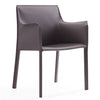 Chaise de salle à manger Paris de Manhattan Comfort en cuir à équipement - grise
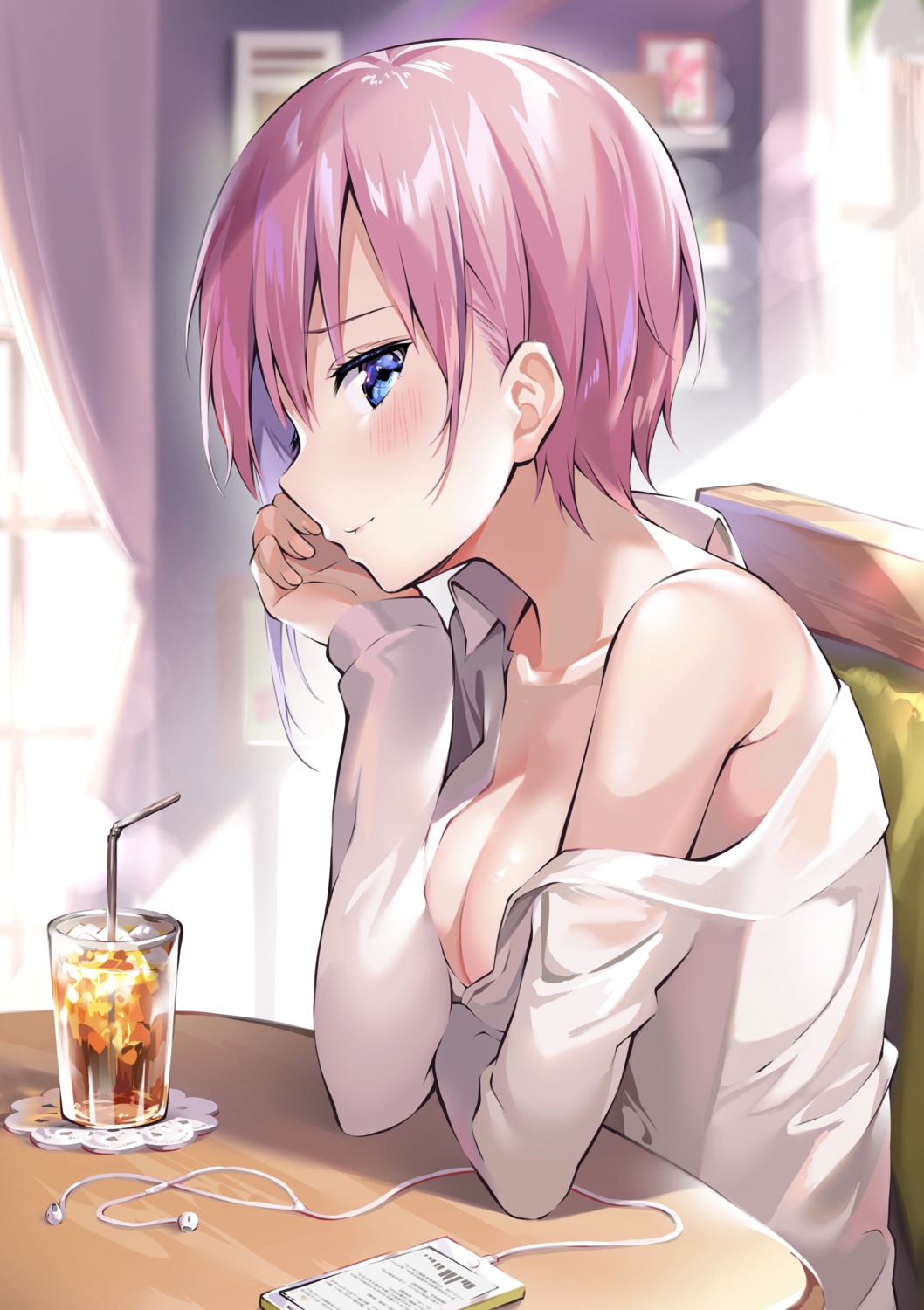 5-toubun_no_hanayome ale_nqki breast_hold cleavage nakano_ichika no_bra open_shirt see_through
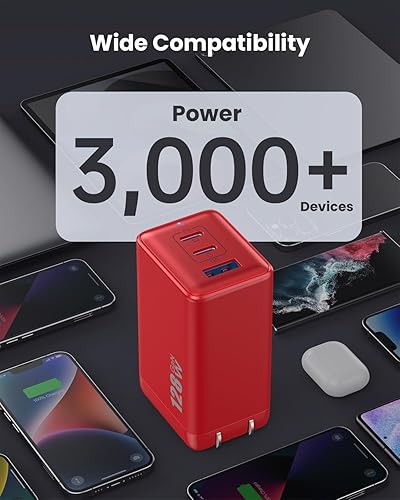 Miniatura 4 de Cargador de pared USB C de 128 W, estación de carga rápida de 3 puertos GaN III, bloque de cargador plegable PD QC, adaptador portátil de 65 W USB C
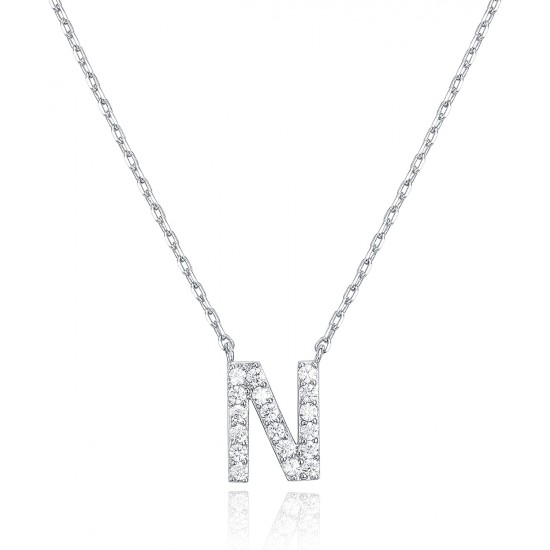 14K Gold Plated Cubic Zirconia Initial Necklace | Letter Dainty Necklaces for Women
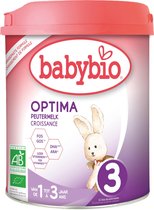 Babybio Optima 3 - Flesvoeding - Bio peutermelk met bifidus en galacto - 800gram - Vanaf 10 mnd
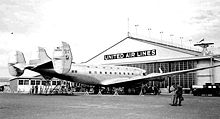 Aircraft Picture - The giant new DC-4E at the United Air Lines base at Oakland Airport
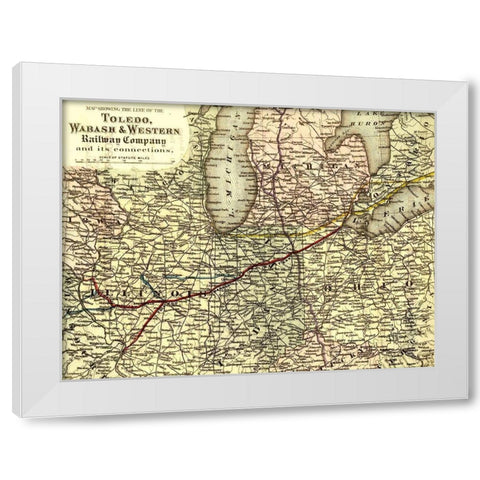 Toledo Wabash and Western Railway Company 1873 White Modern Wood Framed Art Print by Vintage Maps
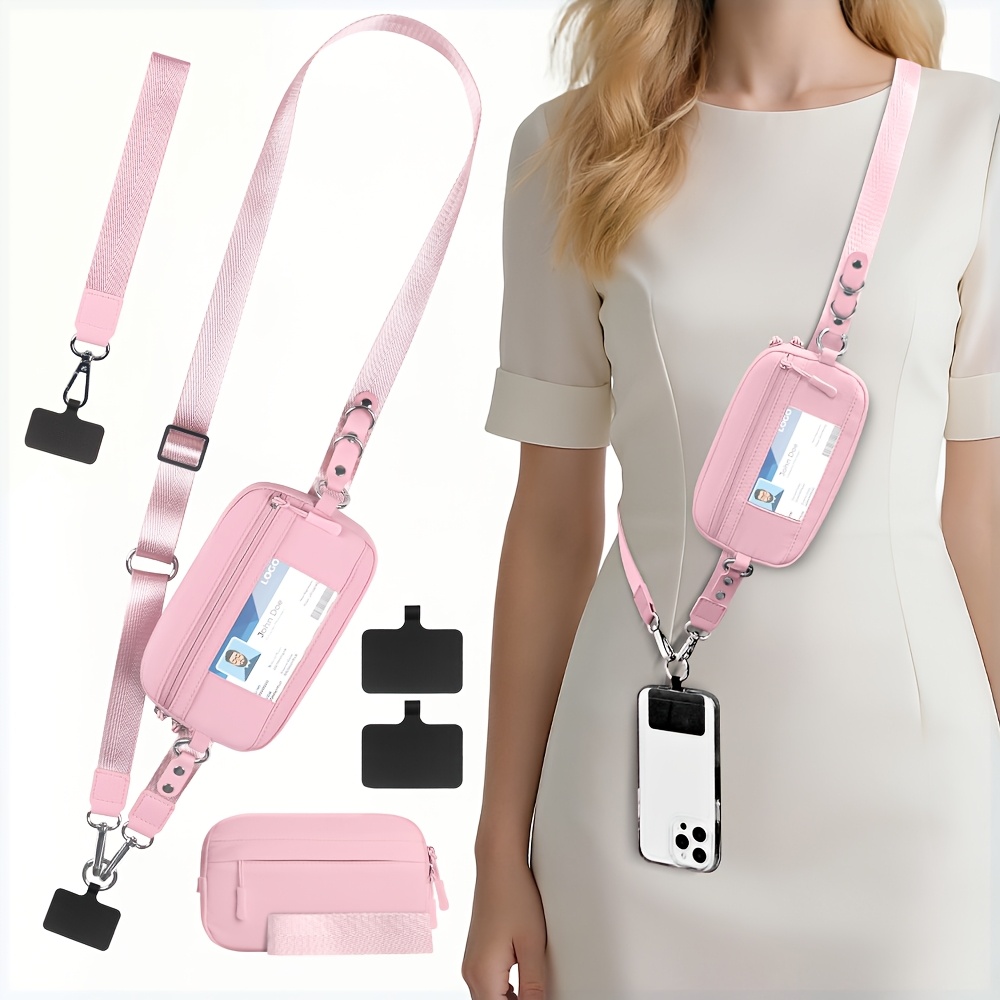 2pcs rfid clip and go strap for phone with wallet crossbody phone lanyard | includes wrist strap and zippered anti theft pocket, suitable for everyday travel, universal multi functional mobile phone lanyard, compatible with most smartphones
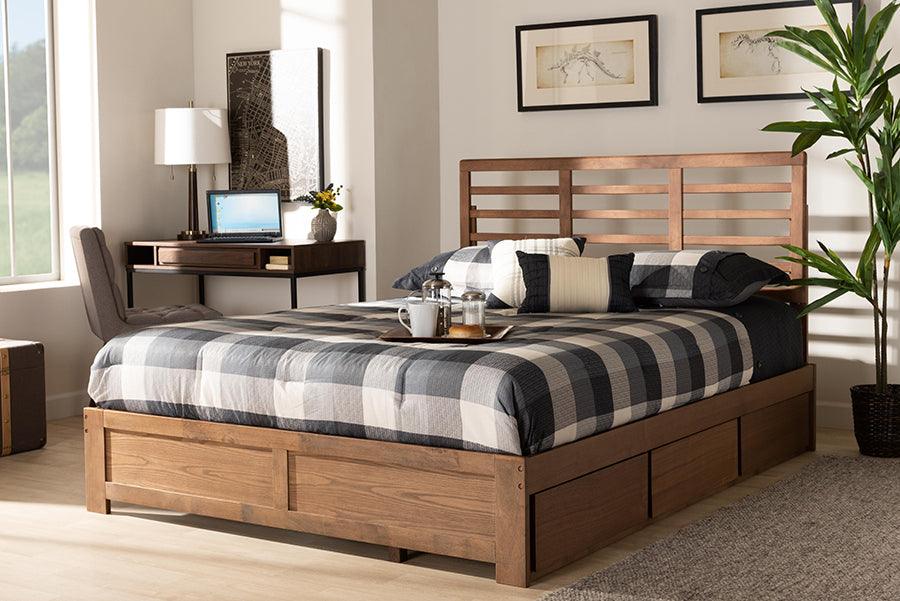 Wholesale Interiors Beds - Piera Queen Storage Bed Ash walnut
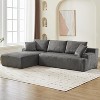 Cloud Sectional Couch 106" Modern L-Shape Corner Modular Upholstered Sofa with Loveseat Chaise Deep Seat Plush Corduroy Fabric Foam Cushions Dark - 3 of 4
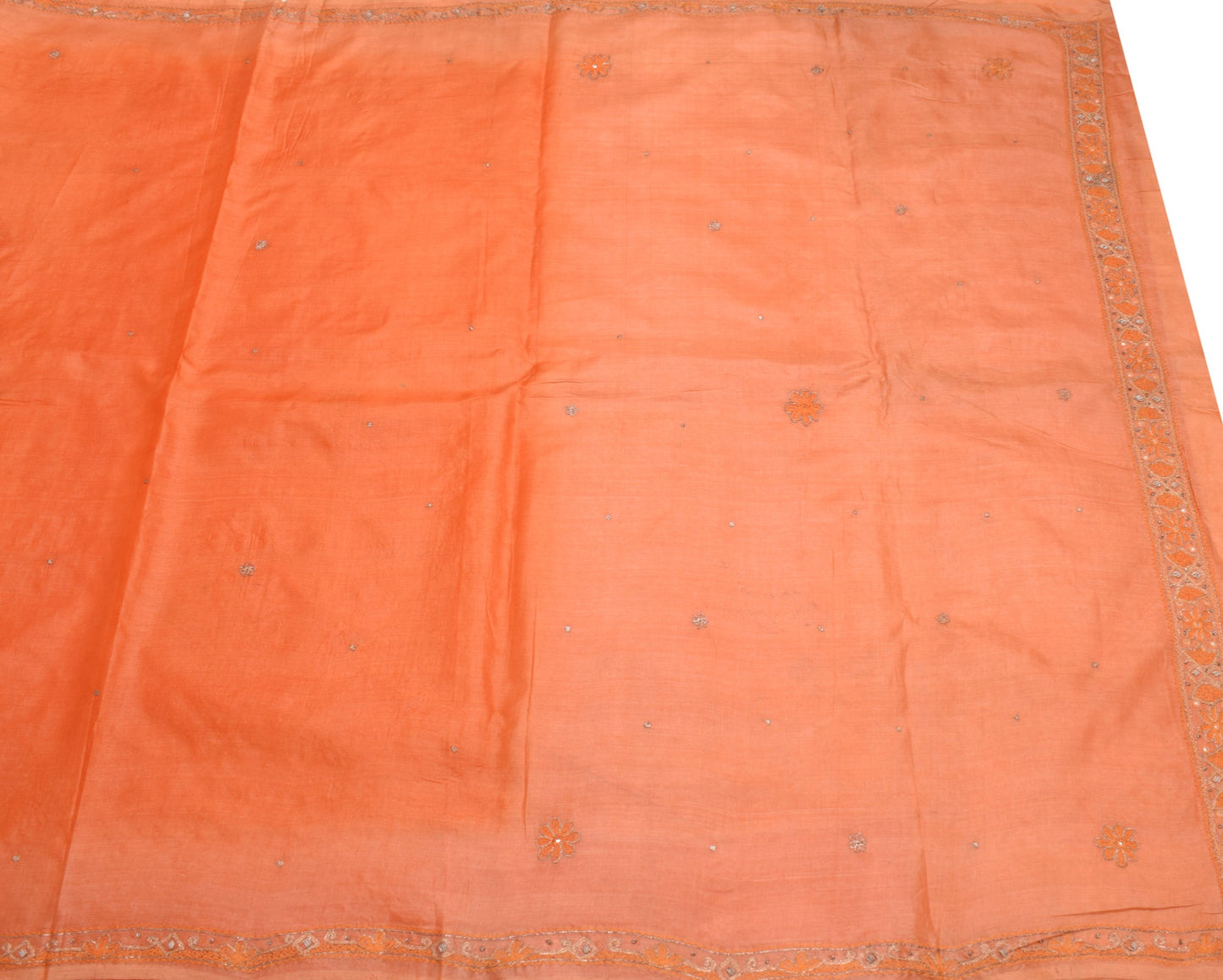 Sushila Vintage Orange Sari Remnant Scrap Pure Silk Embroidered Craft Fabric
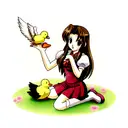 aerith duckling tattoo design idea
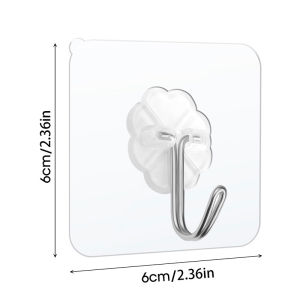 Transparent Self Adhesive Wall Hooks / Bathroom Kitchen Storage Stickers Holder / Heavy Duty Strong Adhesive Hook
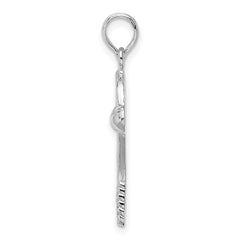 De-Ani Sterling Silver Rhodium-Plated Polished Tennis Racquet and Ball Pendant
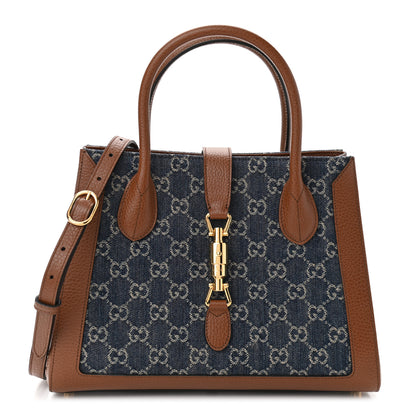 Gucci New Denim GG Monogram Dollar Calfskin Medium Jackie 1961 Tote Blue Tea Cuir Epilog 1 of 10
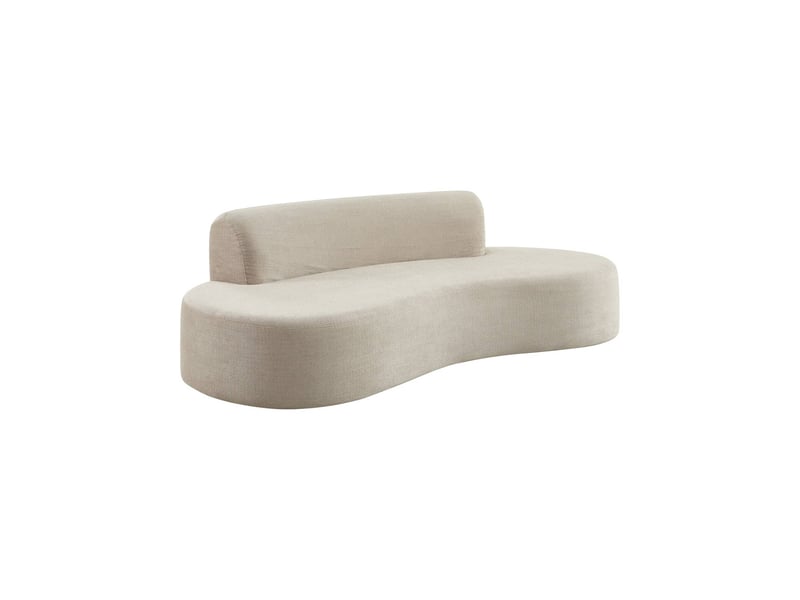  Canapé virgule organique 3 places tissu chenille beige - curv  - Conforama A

+---+

WHAT IS EXPECTED:
Among the records above, locate the line containing "Aircraft Picture - The" and the line containing "Cloud Sectional Couch", then transcribe exactly the lines starting at the first and ending at the second, with no pictures.

EXERCISE RESULT:
 Aircraft Picture - The giant new DC-4E at the United Air Lines base at Oakland Airport
 Toledo Wabash and Western Railway Company 1873 White Modern Wood Framed Art Print by Vintage Maps
 2pcs rfid clip and go strap for phone with wallet crossbody phone lanyard | includes wrist strap and zippered anti theft pocket, suitable for everyday travel, universal multi functional mobile phone lanyard, compatible with most smartphones
 Wholesale Interiors Beds - Piera Queen Storage Bed Ash walnut
 Cloud Sectional Couch 106" Modern L-Shape Corner Modular Upholstered Sofa with Loveseat Chaise Deep Seat Plush Corduroy Fabric Foam Cushions Dark - 3 of 4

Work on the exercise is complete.